> [Dataset extract]:
<<<<

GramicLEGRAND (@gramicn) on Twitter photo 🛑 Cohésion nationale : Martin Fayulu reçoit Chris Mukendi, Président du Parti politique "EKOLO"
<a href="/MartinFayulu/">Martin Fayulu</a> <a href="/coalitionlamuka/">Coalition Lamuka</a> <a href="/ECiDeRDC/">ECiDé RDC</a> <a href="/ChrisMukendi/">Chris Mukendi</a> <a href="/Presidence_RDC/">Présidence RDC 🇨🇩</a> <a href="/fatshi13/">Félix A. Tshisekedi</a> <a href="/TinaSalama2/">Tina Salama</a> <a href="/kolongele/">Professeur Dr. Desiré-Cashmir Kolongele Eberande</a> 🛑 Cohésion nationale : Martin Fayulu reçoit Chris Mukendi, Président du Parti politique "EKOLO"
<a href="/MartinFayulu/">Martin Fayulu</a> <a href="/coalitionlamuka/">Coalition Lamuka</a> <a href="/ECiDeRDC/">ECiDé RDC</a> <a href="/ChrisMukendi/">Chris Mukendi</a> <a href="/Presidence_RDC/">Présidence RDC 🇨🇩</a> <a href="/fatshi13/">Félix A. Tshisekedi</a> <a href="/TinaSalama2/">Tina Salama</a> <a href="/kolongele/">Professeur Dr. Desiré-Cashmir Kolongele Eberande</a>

>>>>

> [Exercise description]: Scan the material above for "Eberande". Copy every line where it appears.

> [Solution for this task]:
<a href="/MartinFayulu/">Martin Fayulu</a> <a href="/coalitionlamuka/">Coalition Lamuka</a> <a href="/ECiDeRDC/">ECiDé RDC</a> <a href="/ChrisMukendi/">Chris Mukendi</a> <a href="/Presidence_RDC/">Présidence RDC 🇨🇩</a> <a href="/fatshi13/">Félix A. Tshisekedi</a> <a href="/TinaSalama2/">Tina Salama</a> <a href="/kolongele/">Professeur Dr. Desiré-Cashmir Kolongele Eberande</a> 🛑 Cohésion nationale : Martin Fayulu reçoit Chris Mukendi, Président du Parti politique "EKOLO"
<a href="/MartinFayulu/">Martin Fayulu</a> <a href="/coalitionlamuka/">Coalition Lamuka</a> <a href="/ECiDeRDC/">ECiDé RDC</a> <a href="/ChrisMukendi/">Chris Mukendi</a> <a href="/Presidence_RDC/">Présidence RDC 🇨🇩</a> <a href="/fatshi13/">Félix A. Tshisekedi</a> <a href="/TinaSalama2/">Tina Salama</a> <a href="/kolongele/">Professeur Dr. Desiré-Cashmir Kolongele Eberande</a>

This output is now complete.